INPUT DATA
<<<<
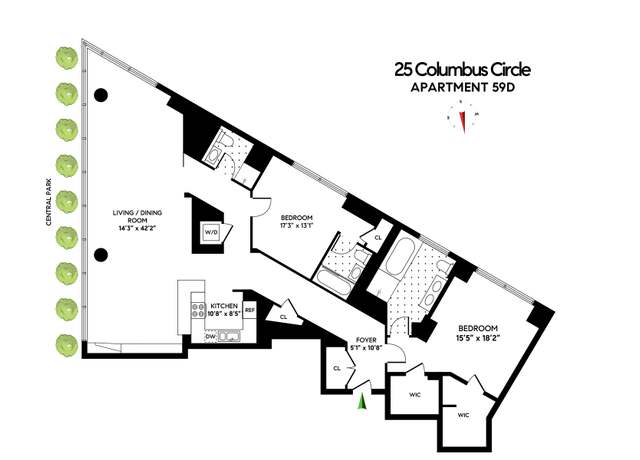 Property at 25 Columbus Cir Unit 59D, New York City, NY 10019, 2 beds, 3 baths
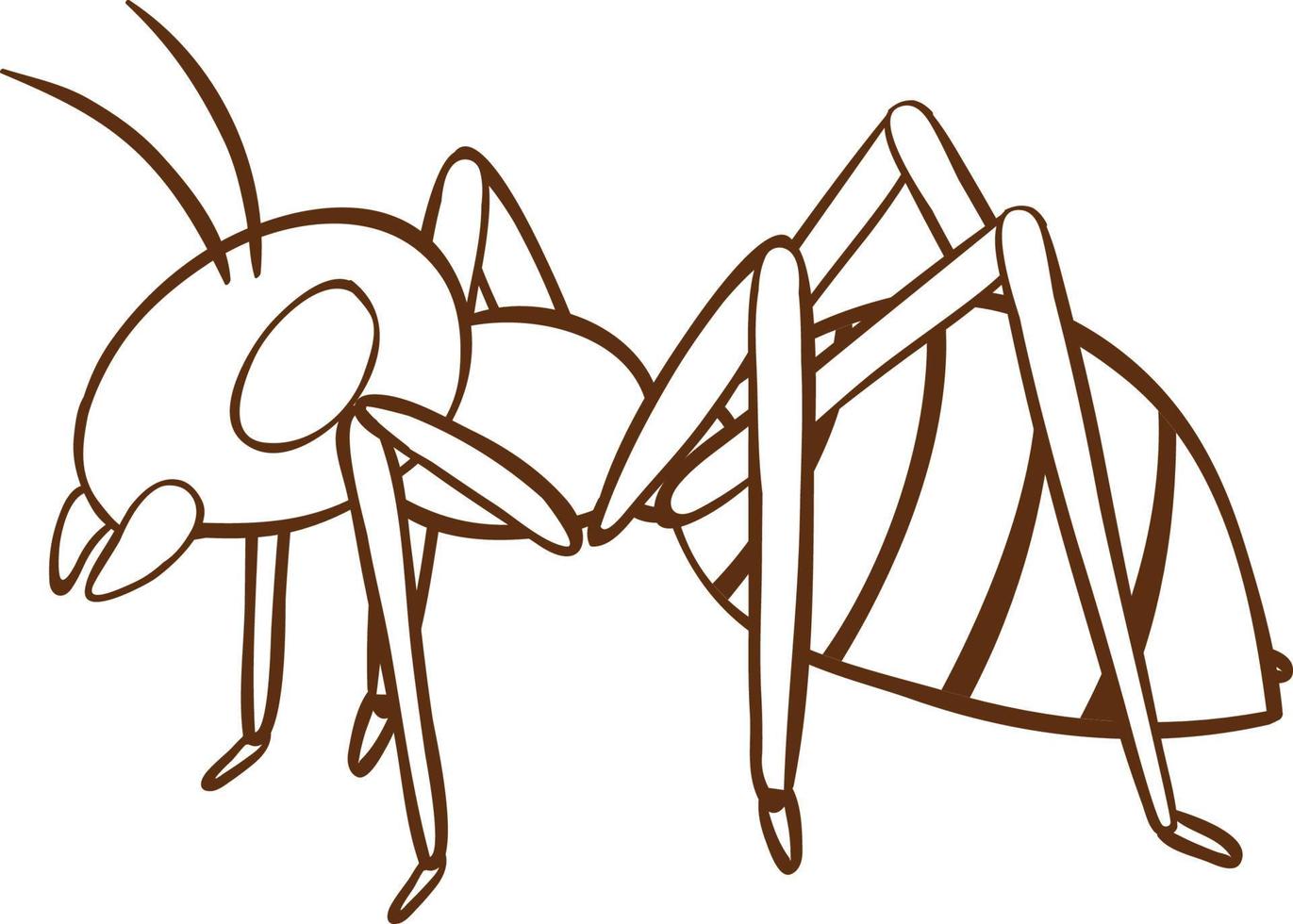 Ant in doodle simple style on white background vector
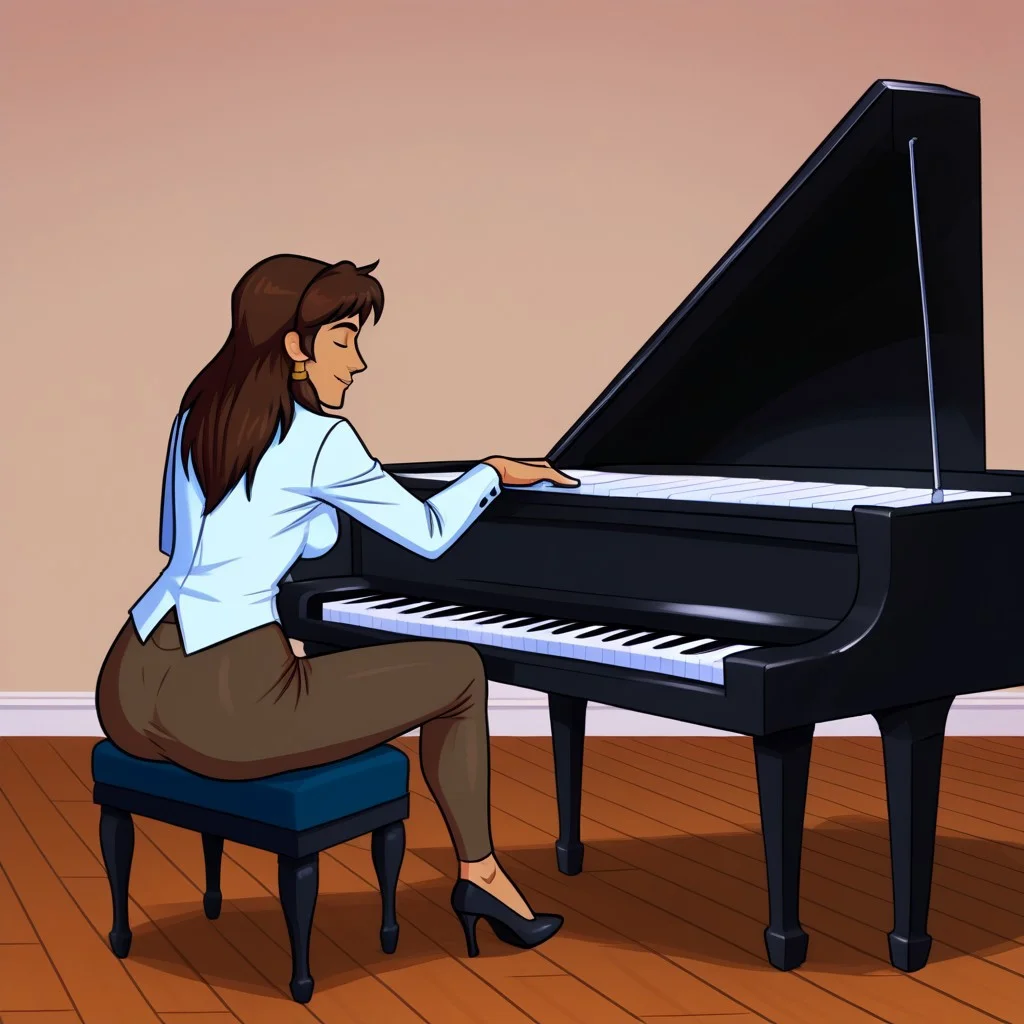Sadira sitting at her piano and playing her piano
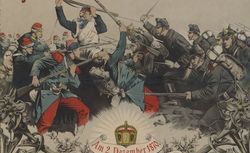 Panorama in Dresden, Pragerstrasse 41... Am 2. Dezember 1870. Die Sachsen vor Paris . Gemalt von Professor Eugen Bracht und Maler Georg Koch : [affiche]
>>>>
TASK TO CARRY OUT
Copy exactly the lines running from the line with "Sadira sitting at" to the final line of the listing, keeping both ends and dropping any picture.

EXPECTED ANSWER
Sadira sitting at her piano and playing her piano
 Panorama in Dresden, Pragerstrasse 41... Am 2. Dezember 1870. Die Sachsen vor Paris . Gemalt von Professor Eugen Bracht und Maler Georg Koch : [affiche]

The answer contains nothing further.